Sunday, June 20

Gushing

Allow me to park my brain out on the doorstep while I gush and savor my fangirl mode.

Item # 1: Here's an interview with ChuckP over at bookslut. He talks about writers and research, viz:
Some writers research in order to write. I write in order to research topics that interest me. Especially if I can meet with other people, in forums from illness support groups to phone-sex hotlines, and learn what other people know best. Every character (really, person) sees the world through a framework of education and experience that they're proud experts about.
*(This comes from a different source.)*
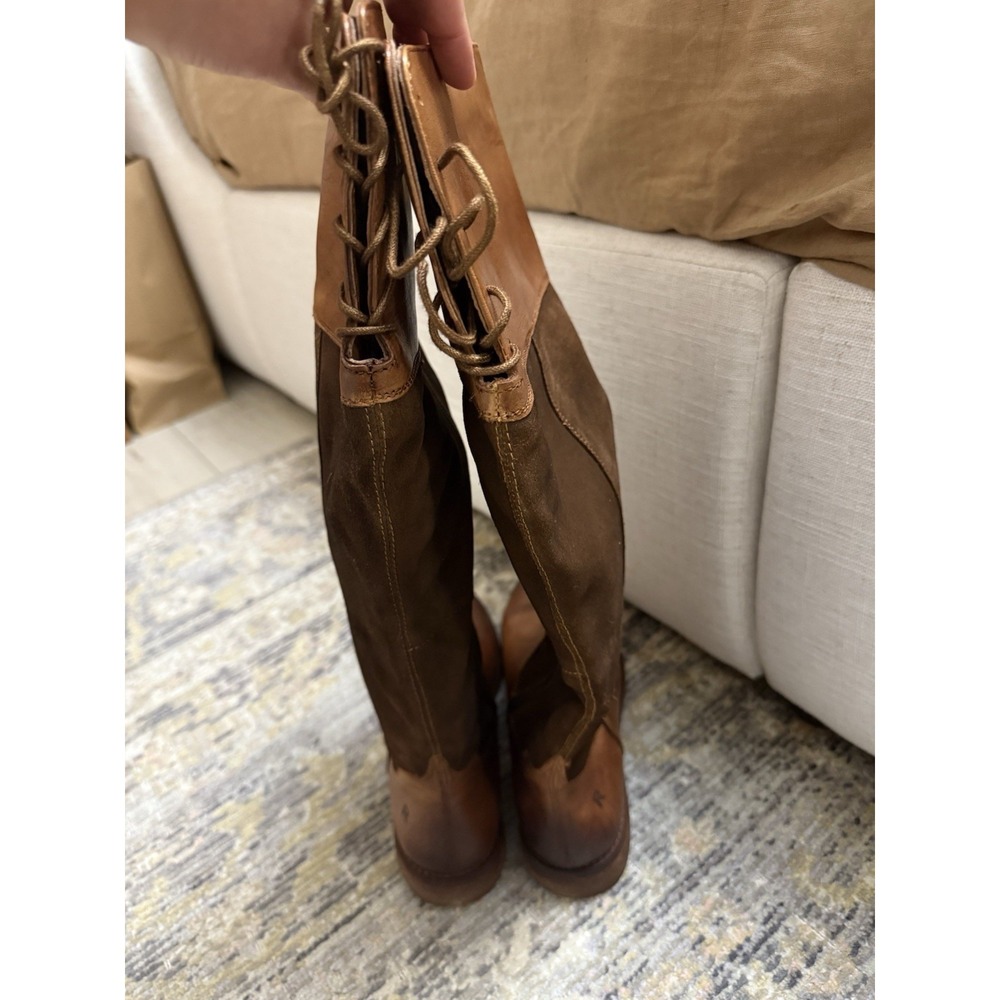NEW Roan by Bed Stu Natty tall Brown Leather Knee-High riding Boots - Picture 3 of 15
To write a character, find out what they know best, and THEN you'll know how they'll describe a "hot day." Or a "pretty girl." Plus, when you're talking to someone about their field of expertise (really, just listening) whether it's physics or mythology or finding risky sex, you'll notice how people really SHINE when they talk about what they know well. Being around that shine is reward enough.
If you did your research, you might as well determine what sort of language your character will use, i.e., building his/her vocabulary:
It's not so much about "playing dumb" as about creating a wardrobe of phrases and words specific to each character. Me, myself, I almost always start a new topic by saying: "It's funny..." that's my private "bumper music" to seize the listener's attention. It's a throw-away phrase to enroll the listener before you say the important part of your sentence. Most people have a small collection of relative clauses they use to get attention or to manipulate a conversation. For each character, you must find those and stay true to them. Beyond using simple, accurate language, you can use fancy-pants words -- but only to demonstrate what the character knows BEST. The overall language of a story should never swamp the story. Also, with bland words, you get more the "timing" effect of a pause, not sub-vocalized by the reader, a quiet pause that makes what follows more powerful.
Also, an accompanying author picture right here: I say not bad, not bad at all. If you want more ChuckP, join his cult and his online workshop here.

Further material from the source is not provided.